- ABOUT THIS EXERCISE
When you reach the line with "Steinel 088064 MH1" in the data below, begin printing lines exactly, and stop once the line with "EBMX X-9000-V3 E-Ride" has been printed.

Source data
————————

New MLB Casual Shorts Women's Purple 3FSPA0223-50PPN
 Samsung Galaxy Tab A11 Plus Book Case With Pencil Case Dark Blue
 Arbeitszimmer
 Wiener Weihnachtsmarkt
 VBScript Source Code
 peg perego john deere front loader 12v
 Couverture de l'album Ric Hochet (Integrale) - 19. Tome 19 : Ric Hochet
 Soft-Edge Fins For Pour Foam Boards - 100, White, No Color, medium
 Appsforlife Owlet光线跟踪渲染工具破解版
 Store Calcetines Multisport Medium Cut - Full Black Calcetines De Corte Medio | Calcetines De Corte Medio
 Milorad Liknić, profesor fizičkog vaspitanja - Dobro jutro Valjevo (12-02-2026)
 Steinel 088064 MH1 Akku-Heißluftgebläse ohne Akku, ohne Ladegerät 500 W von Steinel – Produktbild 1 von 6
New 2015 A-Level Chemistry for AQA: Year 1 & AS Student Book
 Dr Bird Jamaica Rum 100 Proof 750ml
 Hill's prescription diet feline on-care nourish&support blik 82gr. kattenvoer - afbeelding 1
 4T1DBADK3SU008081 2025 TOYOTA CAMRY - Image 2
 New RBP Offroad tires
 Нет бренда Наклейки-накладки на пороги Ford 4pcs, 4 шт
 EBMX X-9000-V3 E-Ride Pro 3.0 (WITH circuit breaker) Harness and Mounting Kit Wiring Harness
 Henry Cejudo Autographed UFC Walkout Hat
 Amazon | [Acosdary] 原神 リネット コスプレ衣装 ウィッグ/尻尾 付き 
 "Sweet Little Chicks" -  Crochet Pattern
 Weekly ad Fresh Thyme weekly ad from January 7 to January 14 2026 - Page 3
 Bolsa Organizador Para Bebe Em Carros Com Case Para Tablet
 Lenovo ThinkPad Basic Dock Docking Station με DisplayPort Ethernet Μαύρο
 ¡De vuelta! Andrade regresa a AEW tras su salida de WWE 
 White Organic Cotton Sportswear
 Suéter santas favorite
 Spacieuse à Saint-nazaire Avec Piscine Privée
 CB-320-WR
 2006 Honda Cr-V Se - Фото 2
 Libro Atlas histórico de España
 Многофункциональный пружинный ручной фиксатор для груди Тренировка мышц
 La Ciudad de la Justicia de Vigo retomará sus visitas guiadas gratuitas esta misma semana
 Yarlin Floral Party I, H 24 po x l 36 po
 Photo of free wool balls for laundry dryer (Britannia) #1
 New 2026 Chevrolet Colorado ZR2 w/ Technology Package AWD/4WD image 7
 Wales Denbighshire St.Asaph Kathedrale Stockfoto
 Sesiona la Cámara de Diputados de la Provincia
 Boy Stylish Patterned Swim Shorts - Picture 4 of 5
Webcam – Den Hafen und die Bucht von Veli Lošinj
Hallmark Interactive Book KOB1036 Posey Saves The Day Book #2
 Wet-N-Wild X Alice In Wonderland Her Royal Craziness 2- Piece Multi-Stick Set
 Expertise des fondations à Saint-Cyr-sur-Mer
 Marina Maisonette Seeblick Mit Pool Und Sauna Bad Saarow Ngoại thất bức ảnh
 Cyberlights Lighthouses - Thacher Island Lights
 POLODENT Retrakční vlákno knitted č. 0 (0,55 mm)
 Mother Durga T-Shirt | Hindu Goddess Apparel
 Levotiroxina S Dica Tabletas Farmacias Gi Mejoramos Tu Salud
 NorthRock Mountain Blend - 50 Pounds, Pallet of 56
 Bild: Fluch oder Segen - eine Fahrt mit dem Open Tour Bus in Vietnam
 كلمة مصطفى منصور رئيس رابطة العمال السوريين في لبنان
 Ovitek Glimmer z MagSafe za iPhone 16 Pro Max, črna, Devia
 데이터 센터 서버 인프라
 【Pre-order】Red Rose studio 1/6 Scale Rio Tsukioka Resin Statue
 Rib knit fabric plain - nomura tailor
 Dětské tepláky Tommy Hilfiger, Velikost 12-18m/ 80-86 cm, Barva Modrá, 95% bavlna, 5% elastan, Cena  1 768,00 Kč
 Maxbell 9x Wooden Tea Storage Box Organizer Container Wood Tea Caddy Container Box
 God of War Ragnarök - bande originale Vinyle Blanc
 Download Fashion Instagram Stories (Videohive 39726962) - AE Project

————————

- ANSWER
 Steinel 088064 MH1 Akku-Heißluftgebläse ohne Akku, ohne Ladegerät 500 W von Steinel – Produktbild 1 von 6
New 2015 A-Level Chemistry for AQA: Year 1 & AS Student Book
 Dr Bird Jamaica Rum 100 Proof 750ml
 Hill's prescription diet feline on-care nourish&support blik 82gr. kattenvoer - afbeelding 1
 4T1DBADK3SU008081 2025 TOYOTA CAMRY - Image 2
 New RBP Offroad tires
 Нет бренда Наклейки-накладки на пороги Ford 4pcs, 4 шт
 EBMX X-9000-V3 E-Ride Pro 3.0 (WITH circuit breaker) Harness and Mounting Kit Wiring Harness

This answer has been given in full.